■ WHAT YOU NEED TO DO ■
Please print the entries below exactly, from the line with "Luna-nevada online show from 02-11-26, 10:15" through the line with "Bán cc mipec", including both of those lines and leaving out all others.

START DATA SUPPLIED

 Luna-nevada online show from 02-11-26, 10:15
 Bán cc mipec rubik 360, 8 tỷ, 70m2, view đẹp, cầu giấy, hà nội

END DATA SUPPLIED
START DATA SUPPLIED

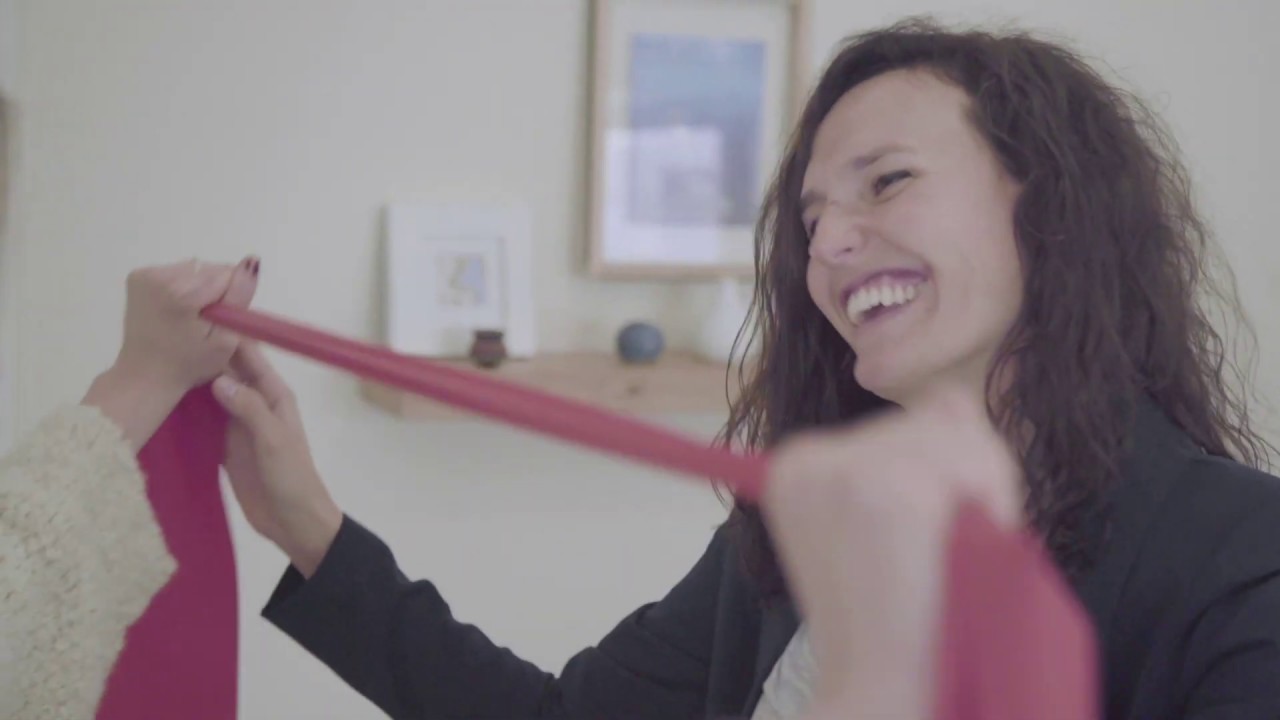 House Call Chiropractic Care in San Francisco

END DATA SUPPLIED
START DATA SUPPLIED

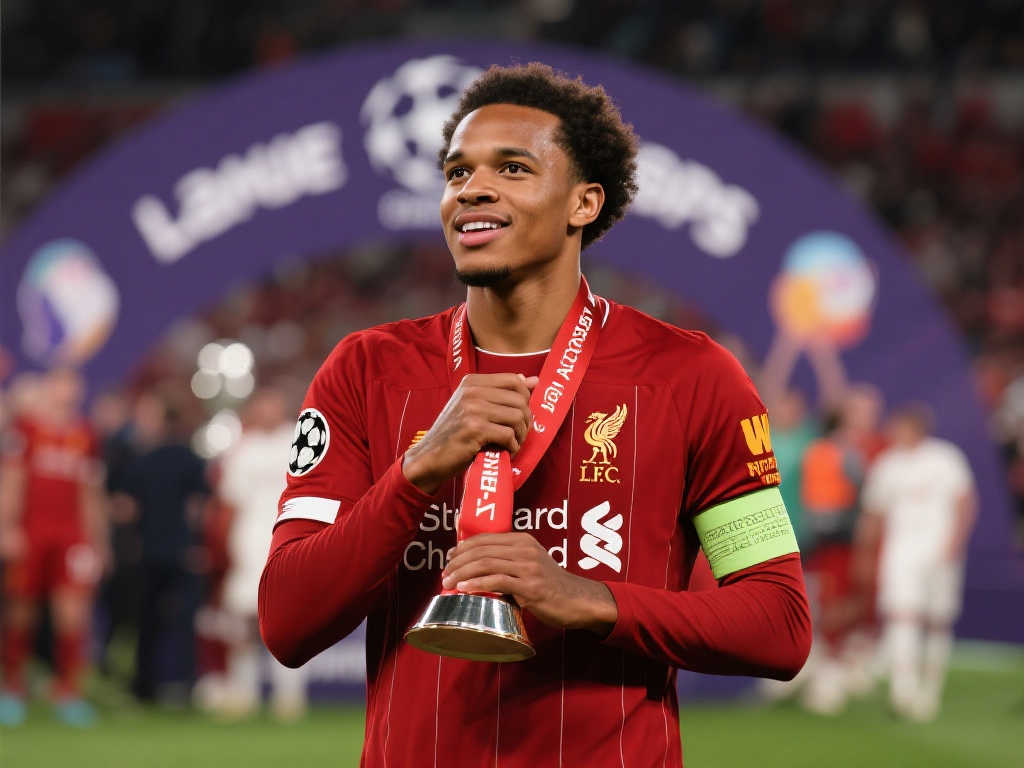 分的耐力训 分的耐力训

END DATA SUPPLIED

■ ANSWER FOR THIS EXERCISE ■
 Luna-nevada online show from 02-11-26, 10:15
 Bán cc mipec rubik 360, 8 tỷ, 70m2, view đẹp, cầu giấy, hà nội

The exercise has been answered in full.